Copy, from the entries below, each line where the word "online" can be found.

Extracted records
****************
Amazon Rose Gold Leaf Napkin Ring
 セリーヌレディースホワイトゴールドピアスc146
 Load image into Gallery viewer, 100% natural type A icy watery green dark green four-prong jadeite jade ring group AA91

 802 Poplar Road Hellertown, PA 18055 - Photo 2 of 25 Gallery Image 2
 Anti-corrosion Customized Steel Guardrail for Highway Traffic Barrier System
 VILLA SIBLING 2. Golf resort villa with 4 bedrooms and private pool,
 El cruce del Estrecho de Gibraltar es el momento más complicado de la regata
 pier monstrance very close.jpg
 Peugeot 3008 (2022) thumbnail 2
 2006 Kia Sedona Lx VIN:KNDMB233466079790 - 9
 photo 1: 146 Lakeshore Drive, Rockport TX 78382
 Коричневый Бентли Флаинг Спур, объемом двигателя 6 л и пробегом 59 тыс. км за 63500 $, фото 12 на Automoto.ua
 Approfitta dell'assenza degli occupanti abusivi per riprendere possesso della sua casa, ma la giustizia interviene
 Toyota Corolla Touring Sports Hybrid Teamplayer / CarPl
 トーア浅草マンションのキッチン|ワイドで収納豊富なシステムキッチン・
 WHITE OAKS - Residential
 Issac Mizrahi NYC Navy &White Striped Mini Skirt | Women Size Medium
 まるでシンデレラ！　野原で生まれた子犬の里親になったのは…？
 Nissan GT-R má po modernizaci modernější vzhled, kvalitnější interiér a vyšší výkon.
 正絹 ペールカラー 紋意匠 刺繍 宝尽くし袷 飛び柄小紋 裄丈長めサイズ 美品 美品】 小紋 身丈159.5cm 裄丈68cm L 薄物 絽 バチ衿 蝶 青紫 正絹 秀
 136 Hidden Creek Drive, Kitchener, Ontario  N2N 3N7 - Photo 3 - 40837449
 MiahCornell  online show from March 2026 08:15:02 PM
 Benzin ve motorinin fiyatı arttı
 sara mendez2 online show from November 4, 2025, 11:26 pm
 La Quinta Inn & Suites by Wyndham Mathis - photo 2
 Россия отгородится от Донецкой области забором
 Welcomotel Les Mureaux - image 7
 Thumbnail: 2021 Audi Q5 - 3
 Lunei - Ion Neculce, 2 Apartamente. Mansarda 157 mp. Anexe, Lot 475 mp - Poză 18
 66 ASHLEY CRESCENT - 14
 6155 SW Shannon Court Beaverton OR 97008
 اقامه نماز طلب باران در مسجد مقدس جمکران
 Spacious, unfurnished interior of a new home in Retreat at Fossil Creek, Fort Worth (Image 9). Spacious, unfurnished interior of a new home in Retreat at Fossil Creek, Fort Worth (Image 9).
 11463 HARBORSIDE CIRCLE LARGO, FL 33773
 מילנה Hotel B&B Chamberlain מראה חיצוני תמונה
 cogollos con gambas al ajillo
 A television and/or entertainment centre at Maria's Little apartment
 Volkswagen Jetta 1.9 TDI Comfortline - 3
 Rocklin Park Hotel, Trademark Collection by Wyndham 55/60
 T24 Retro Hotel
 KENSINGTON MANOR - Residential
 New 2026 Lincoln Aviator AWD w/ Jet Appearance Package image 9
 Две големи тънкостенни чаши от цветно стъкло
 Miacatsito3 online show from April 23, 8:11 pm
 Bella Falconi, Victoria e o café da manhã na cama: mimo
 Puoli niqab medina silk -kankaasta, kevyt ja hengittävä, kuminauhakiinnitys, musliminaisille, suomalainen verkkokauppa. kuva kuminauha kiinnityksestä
****************
Solution.
 MiahCornell  online show from March 2026 08:15:02 PM
 sara mendez2 online show from November 4, 2025, 11:26 pm
 Miacatsito3 online show from April 23, 8:11 pm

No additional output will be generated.